The calls for the Vice-President to deliver his signature economic lectures while in opposition, have been growing.
He has responded, still standing by his comment that “if the fundamentals are weak, the exchange rate will expose you.”
But coming with a caveat, he explained, there are other possible factors that can affect the exchange rate.
“Even with strong economic fundamentals, speculations, expectations and investor sentiments can exert pressure on the exchange rate,” he said.
Dabbling in logic, the Vice-President explained that to insist that a depreciation in the currency means the fundamentals are weak is “warped logic”.
Perhaps finding the explanation too intellectual, the Vice-President praised for his penchant for simplification, used the analogy of a broken leg.
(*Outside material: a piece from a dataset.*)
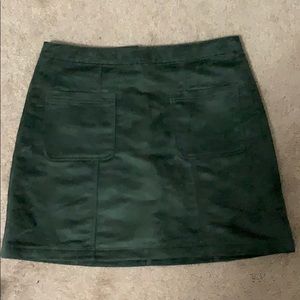Old Navy Dark Green Mini Skirt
“If I come to you and say if your leg is broken, you are going to be unable to walk” and i f it is heard that someone is unable to walk, “can I just conclude that your leg must be broken,” he said before the rapture of applause drowned his signature derisive laughter.
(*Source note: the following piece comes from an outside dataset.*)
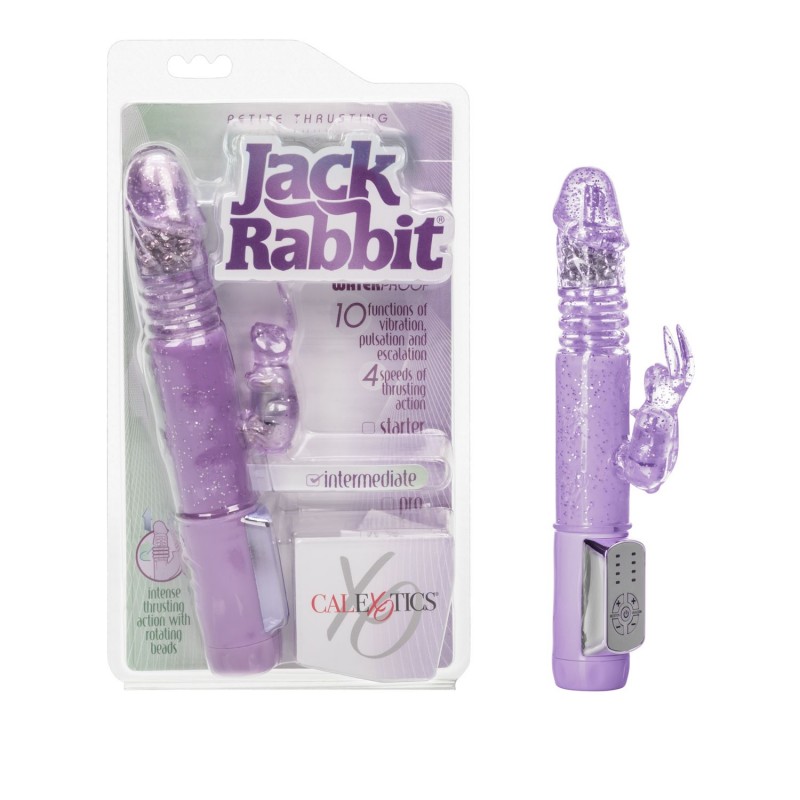 Jack Rabbit Petite Thrusting and Rotating Vibrator - Purple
The Vice-President said, “NDC logic will insist on the face of contrary evidence that if you cannot walk, your leg must be broken.”
He showed figures of the country’s economic fundamentals as supervised by the NDC government under John Mahama.
Dr. Bawumia pointed out the fiscal deficit was 10.1% of GDP, public debt was 70.2% of GDP, inflation was 17% while GDP growth slumped from 7.3% to 4%.
These “significantly weak” fundamentals were behind the cedi losing 31.3% of its value in 2014.
But a look at the economic fundamentals under the New Patriotic Party (NPP) he said, showed stronger stability with inflation hovering at 9.4%, interest rate dropping.
He concluded that with these figures, an investigation of a 5.9% depreciation of the cedi as experienced in 2019 must look into other factors ruling out the fundamentals as the cause.
“Let me tell you what happened,” he began telling a story of how the cedi depreciated because the IMF had set a condition to the Bank of Ghana to increase its net international reserves – that reserve denominated in dollars meant the central bank needed to add $800m to its vault.
It meant that the BoG could not release dollars into the economy at a time when demand was high, he explained.
Vice-President Dr. Bawumia said when the economic fundamentals were weak in 2014, it compelled the Mahama government to go for an IMF bail-out.
If Ghana is existing the IMF Extended Credit Facility in April 2019 after three years, it could only be that the fundamentals are strong, he said.
Dr. Bawumia who has shown no sign of losing interest in jabbing former President John Mahama, picked up on his comment that the NDC was ready to match the NPP government “boot-for-boot”.
That comment was made in a purely political contest. But Bawumia picked it up for an economic reply.
“Then you say ‘boot-for-boot, this one is more like ‘boot for Chalewote’,” suggesting that on matters of the economy there is a no contest between the NPP and NDC.
His analogy once again provoking laughter in an auditorium dominated by NPP government functionaries and supporters.
Analysts have said Ghana’s constant need for dollars in order to bolster the cedi shows deeper structural problems not only in Ghana but in Africa.